═══ SUPPLIED RECORDS ═══

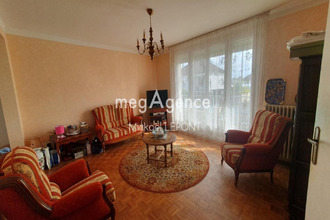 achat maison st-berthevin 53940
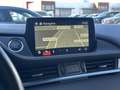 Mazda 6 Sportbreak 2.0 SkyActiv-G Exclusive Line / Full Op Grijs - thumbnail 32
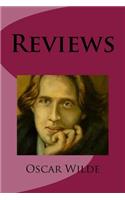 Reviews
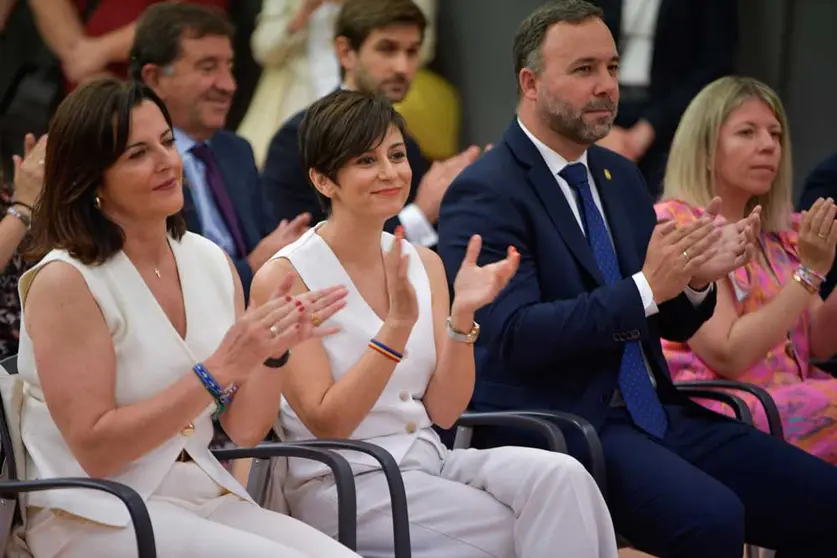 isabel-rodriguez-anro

═══
═══ SUPPLIED RECORDS ═══

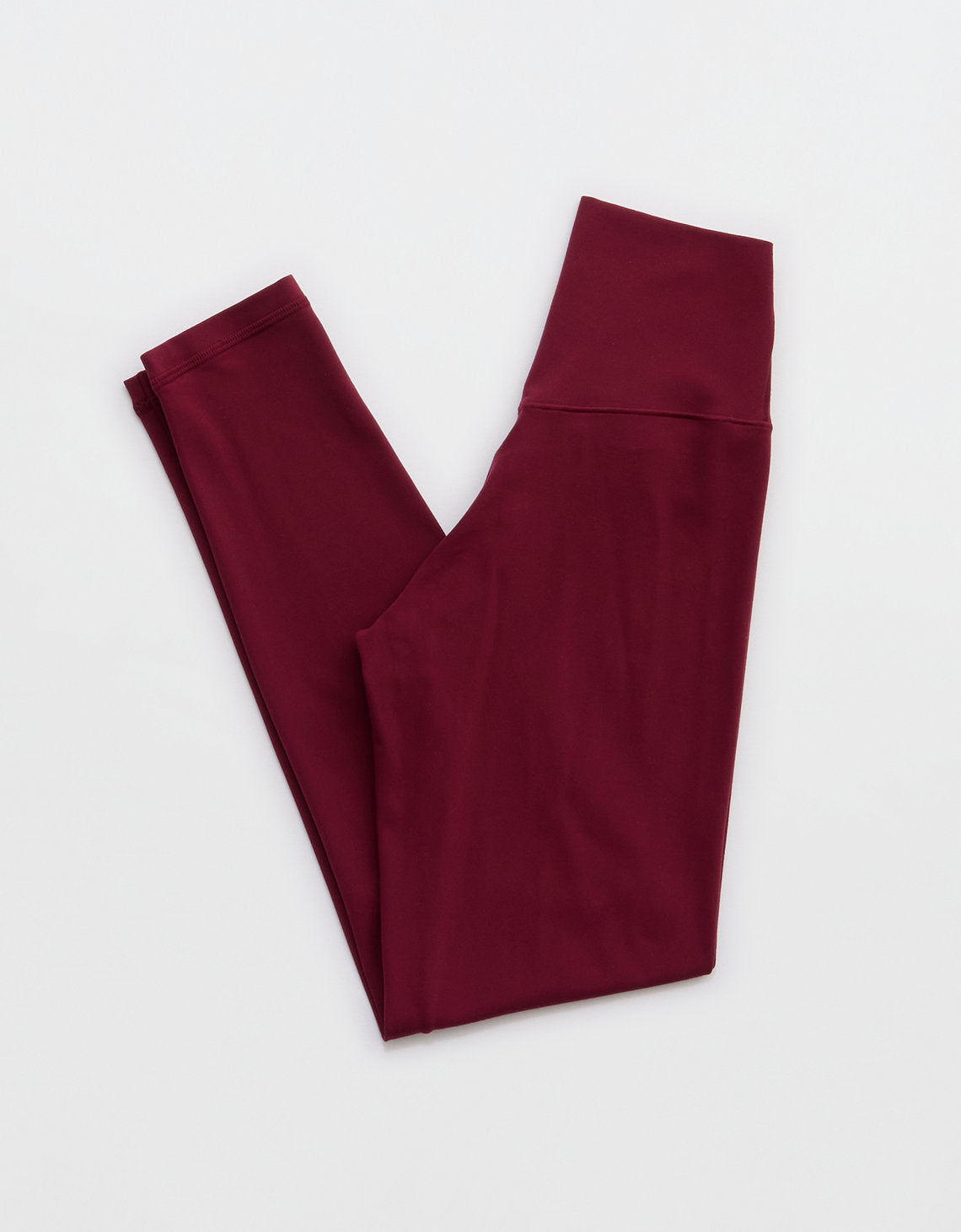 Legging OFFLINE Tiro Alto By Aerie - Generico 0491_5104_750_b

═══
═══ SUPPLIED RECORDS ═══

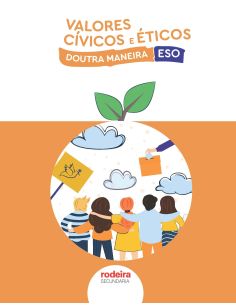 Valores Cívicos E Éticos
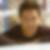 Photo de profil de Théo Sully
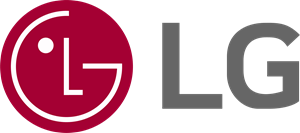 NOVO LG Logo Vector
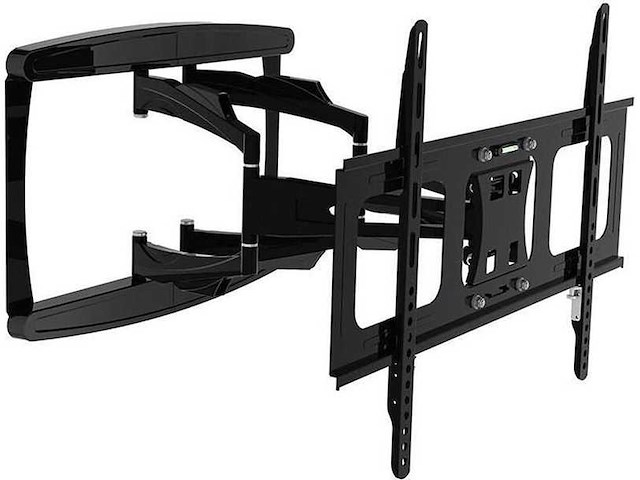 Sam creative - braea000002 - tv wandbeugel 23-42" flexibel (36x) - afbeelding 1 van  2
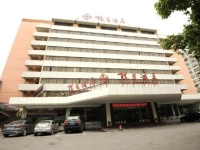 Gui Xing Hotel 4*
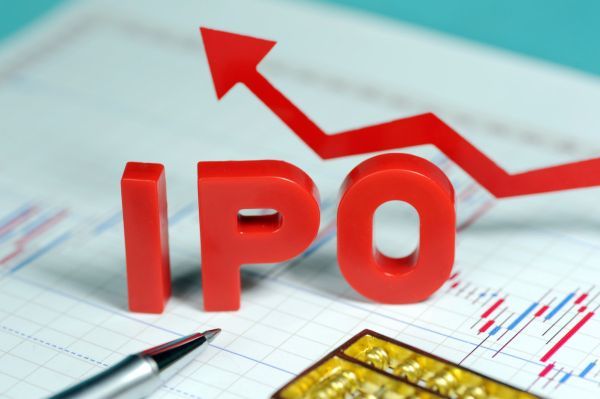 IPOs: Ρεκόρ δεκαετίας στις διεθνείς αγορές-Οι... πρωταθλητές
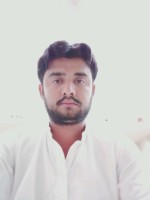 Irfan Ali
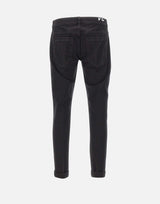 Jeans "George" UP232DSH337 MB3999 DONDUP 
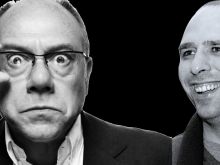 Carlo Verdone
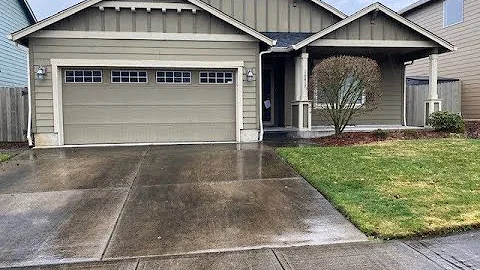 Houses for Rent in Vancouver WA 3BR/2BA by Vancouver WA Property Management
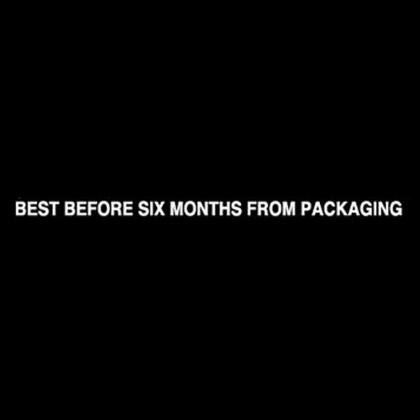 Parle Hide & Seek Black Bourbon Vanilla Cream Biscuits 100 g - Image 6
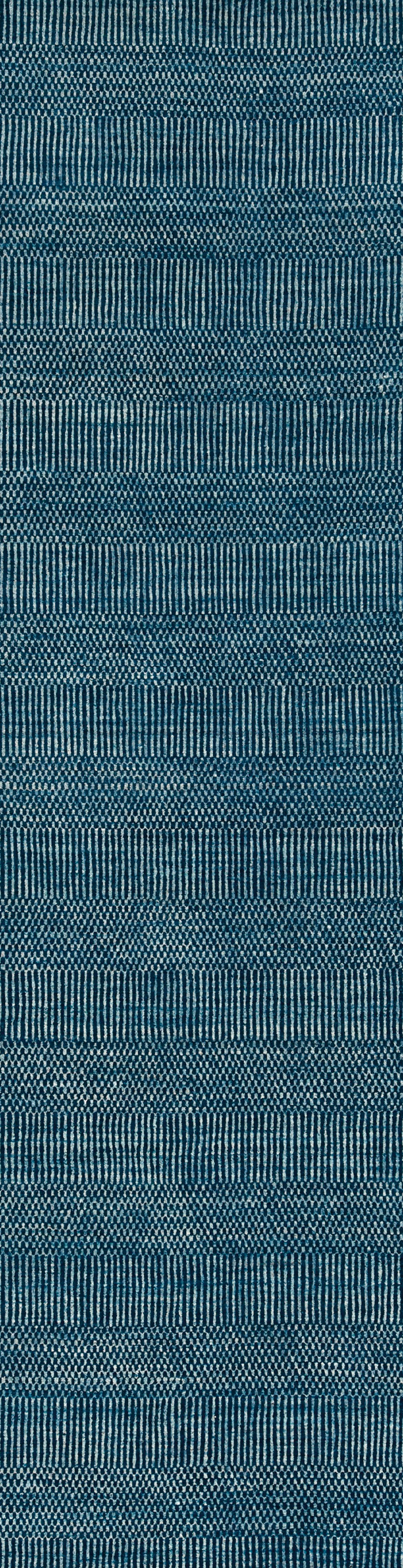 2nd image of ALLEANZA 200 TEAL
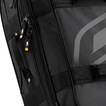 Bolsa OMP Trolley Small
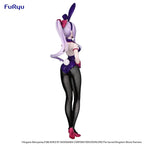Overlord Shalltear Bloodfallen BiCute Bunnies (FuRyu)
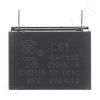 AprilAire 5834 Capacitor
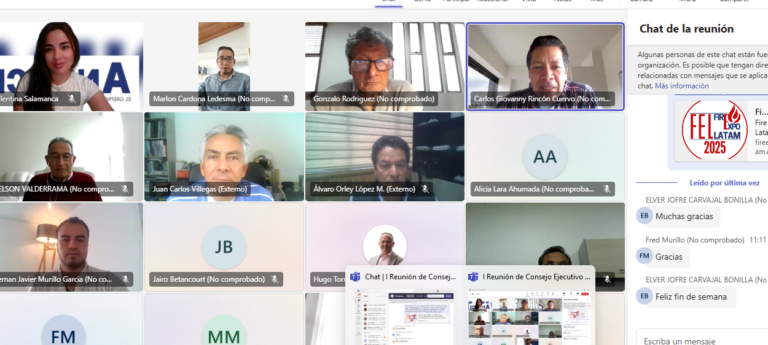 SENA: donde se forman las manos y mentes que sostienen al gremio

═══

WHAT YOU SHOULD DO — Would you please reproduce the entries above, starting at the line with "UP232DSH337 MB3999 DONDUP" and stopping after the line with "SENA: donde se"? Omit any pictures.

RESPONSE TO THIS TASK —
 Jeans "George" UP232DSH337 MB3999 DONDUP 
 Carlo Verdone
 Houses for Rent in Vancouver WA 3BR/2BA by Vancouver WA Property Management
 Parle Hide & Seek Black Bourbon Vanilla Cream Biscuits 100 g - Image 6
 2nd image of ALLEANZA 200 TEAL
 Bolsa OMP Trolley Small
Overlord Shalltear Bloodfallen BiCute Bunnies (FuRyu)
 AprilAire 5834 Capacitor
 SENA: donde se forman las manos y mentes que sostienen al gremio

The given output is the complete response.